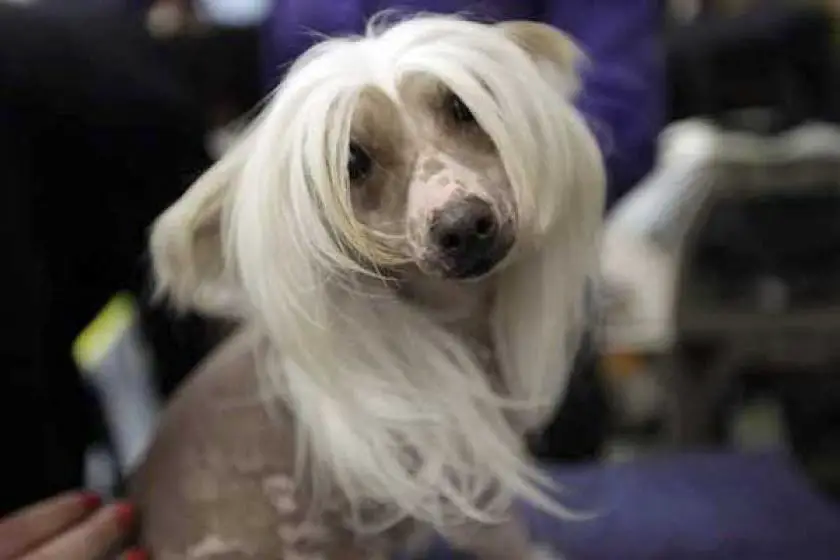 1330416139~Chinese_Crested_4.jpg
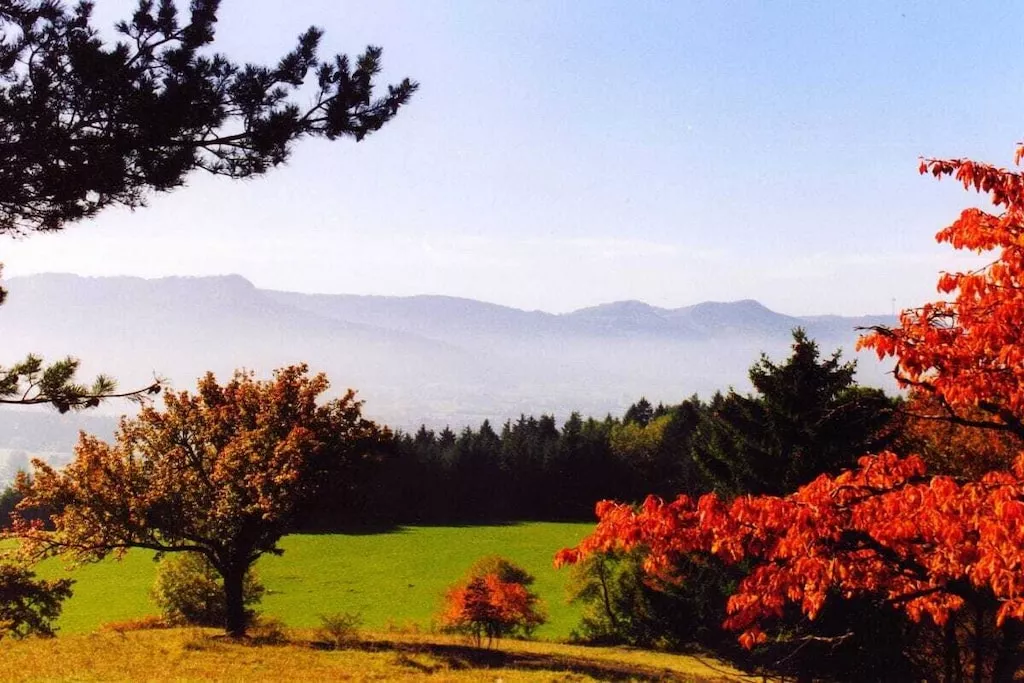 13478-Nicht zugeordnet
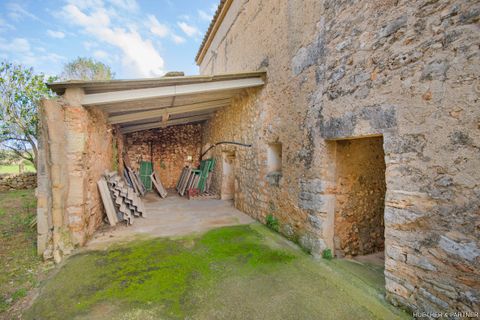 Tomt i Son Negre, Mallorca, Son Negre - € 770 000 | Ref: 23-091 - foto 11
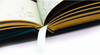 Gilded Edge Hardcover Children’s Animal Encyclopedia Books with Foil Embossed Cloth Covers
...
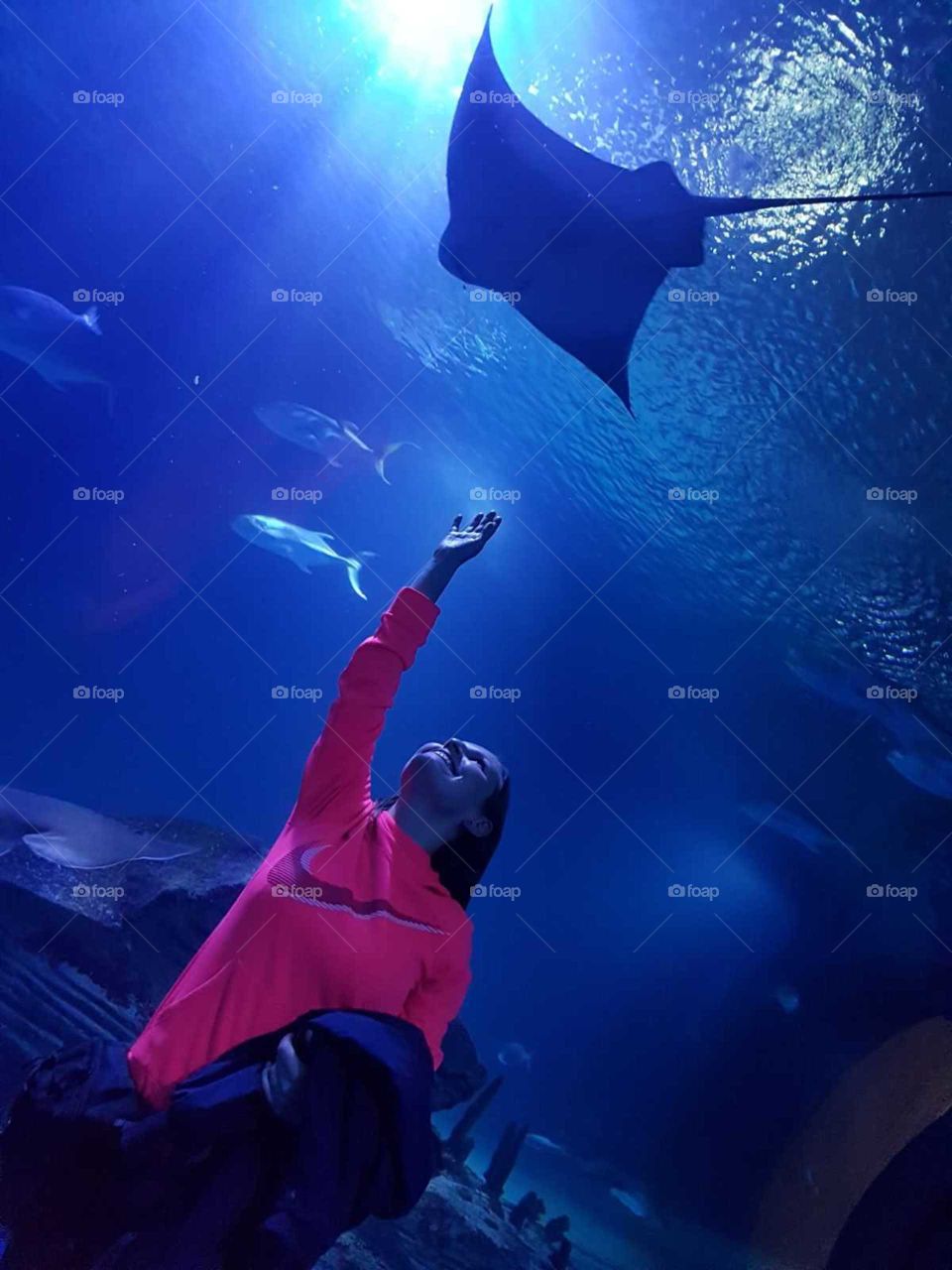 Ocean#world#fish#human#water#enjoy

- **Problem description**: The answer is the lines of the material above, from the one containing "1330416139~Chinese_Crested_4.jpg" down to the one containing "Gilded Edge Hardcover", given exactly and without images.

- **Written reply**:
 1330416139~Chinese_Crested_4.jpg
 13478-Nicht zugeordnet
 Tomt i Son Negre, Mallorca, Son Negre - € 770 000 | Ref: 23-091 - foto 11
 Gilded Edge Hardcover Children’s Animal Encyclopedia Books with Foil Embossed Cloth Covers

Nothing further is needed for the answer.